06. Sebuah Alasan

62 6 25
                                    

Dentingan piring terdengar dari arah ruang makan saat Martha menyajikan sarapan di atas meja kaca

Ups! Gambar ini tidak mengikuti Pedoman Konten kami. Untuk melanjutkan publikasi, hapuslah gambar ini atau unggah gambar lain.

Dentingan piring terdengar dari arah ruang makan saat Martha menyajikan sarapan di atas meja kaca. Kaira yang terbiasa sarapan sambil menonton kartun di ruang TV, kini bergabung dengan papi maminya. Sejujurnya, ia paling malas makan bersama seperti ini. Bukannya tak mau bersyukur, tetapi ia ingin mengamankan hatinya dari hujaman siraman rohani papinya. Apalagi sejak adanya perjodohan. Sepertinya, bahan nasihatnya akan bertambah lebih banyak.

"Ayamnya, Pi?" tawar Martha usai mewadahi nasi untuk Abraham, yang lekas disahut oleh anggukan. "Sayur?"

Sayur bening yang Martha beli dari warung sebelah hanya tersisa satu bungkus. Mengingat Kaira yang jarang sekali makan sayur, papinya pun menolak halus, "Sayurnya sedikit, ya? Buat Kaira aja, Mi," katanya dengan tersenyum.

Kaira menghela dalam, lalu melanjutkan sarapan sambil menatap pasrah nasinya yang diguyur sayur bening.

Tin!

"Itu pasti Liam!"

Kaira nyaris tersedak. Ia menoleh pada maminya yang terlihat sangat antusias. Begitu pun dengan Abraham yang menunjukkan raut seri sambil mengunyah.

"Kok pagi-pagi udah ke sini? Ada apa?" Kaira bertanya, tetapi nadanya terdengar seperti protesan.

"Ya jemput kamu dong, Sayanggg," gemas Martha sambil mencolek hidung putrinya.

Harus banget ya, gue nempel mulu sama dia?

"Ajak masuk, Mi. Kita sarapan bareng,"  pinta Abraham penuh senyum sambil melirik Kaira. Yang ditatap melambankan kunyahan seraya menatap kepergian maminya. "Senyum dong, Nak. Kamu tuh cantik loh, cemberut terus."

Seperti biasa, Kaira nyengir tidak ikhlas. "Iya, Pap."

Martha dan Liam terlihat masuk.
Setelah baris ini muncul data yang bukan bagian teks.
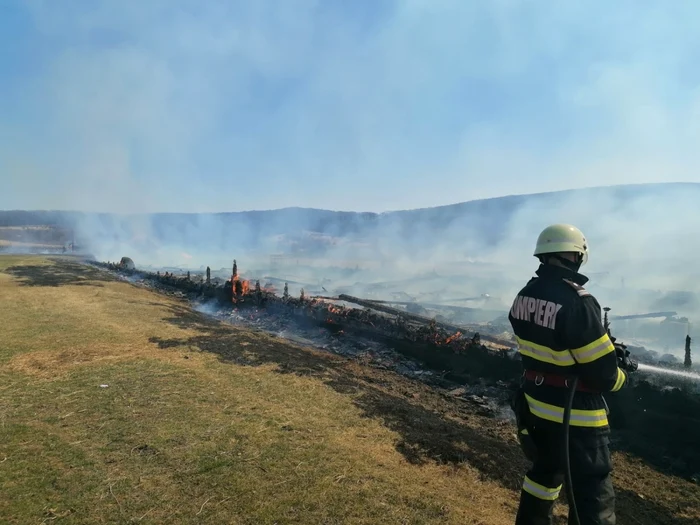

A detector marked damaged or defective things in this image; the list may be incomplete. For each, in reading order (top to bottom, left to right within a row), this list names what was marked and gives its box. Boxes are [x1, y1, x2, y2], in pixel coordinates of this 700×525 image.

charred debris [94, 258, 700, 478]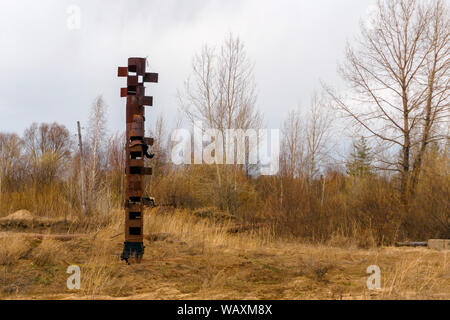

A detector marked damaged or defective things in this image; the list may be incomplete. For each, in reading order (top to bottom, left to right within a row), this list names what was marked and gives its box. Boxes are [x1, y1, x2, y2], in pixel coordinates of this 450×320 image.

corroded steel beam [118, 57, 158, 264]
rusty metal sculpture [118, 58, 158, 264]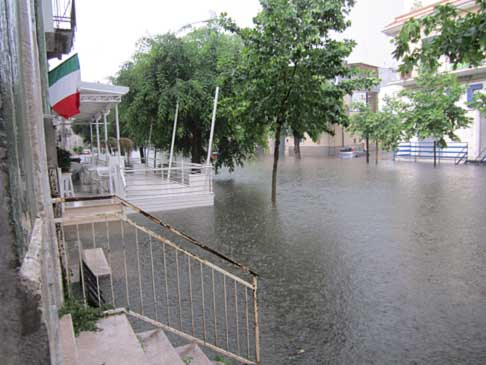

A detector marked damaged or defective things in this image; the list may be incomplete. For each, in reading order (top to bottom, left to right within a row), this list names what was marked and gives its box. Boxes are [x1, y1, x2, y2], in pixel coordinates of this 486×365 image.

rusty metal railing [54, 196, 260, 364]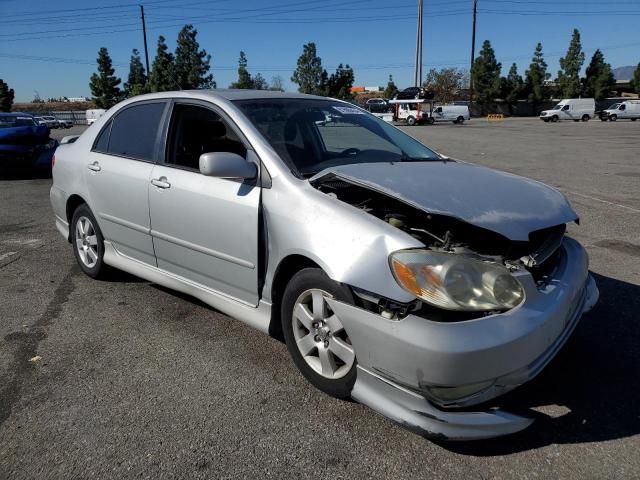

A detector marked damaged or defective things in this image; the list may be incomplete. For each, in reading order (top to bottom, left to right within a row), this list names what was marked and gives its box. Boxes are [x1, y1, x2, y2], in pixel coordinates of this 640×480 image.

crumpled hood [312, 161, 580, 242]
cracked headlight [390, 249, 524, 314]
damaged front bumper [330, 238, 600, 440]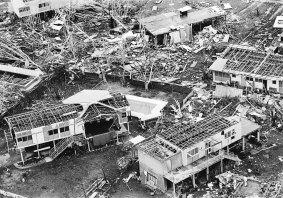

Aroma maskulin seketika memenuhi ruang makan. Jujur saja, Kaira sangat suka aroma gentle seperti ini. Begitu pun dengan gaya lengan kemejanya yang sedikit dinaikkan—seperti yang pernah Bulan katakan—membuatnya terlihat makin keren.

Ck. Apaan dah. B aja, b aja. Kaira kembali melanjutkan sarapannya.

"Duduk, Nak." Martha menarik kursi untuk Liam. Pria itu mengangguk sopan, lalu duduk di sebelah Kaira.

"Terima kasih, Tante, Om. Maaf nimbrung pagi-pagi ke sini." Liam melirik Kaira yang sejak kedatangannya cuek-cuek saja padanya.

"Ehh, gak apa-apa. Justru tante sama om seneng banget kamu mau kami ajak sarapan bareng di sini." Martha menyahut heboh sambil menarik kursi dan duduk di sebelah suaminya. "Ayo ambil aja, Nak Liam. Jangan malu-malu. Itung-itung belajar, kan nanti bakalan sering makan bareng kayak gini," imbuh Martha yang lagi-lagi riweuh.

"Kaira, coba bantu Liam-nya," tegur Abraham yang melihat putrinya sibuk makan sendiri.

Harus banget gue yang wadahin sarapannya?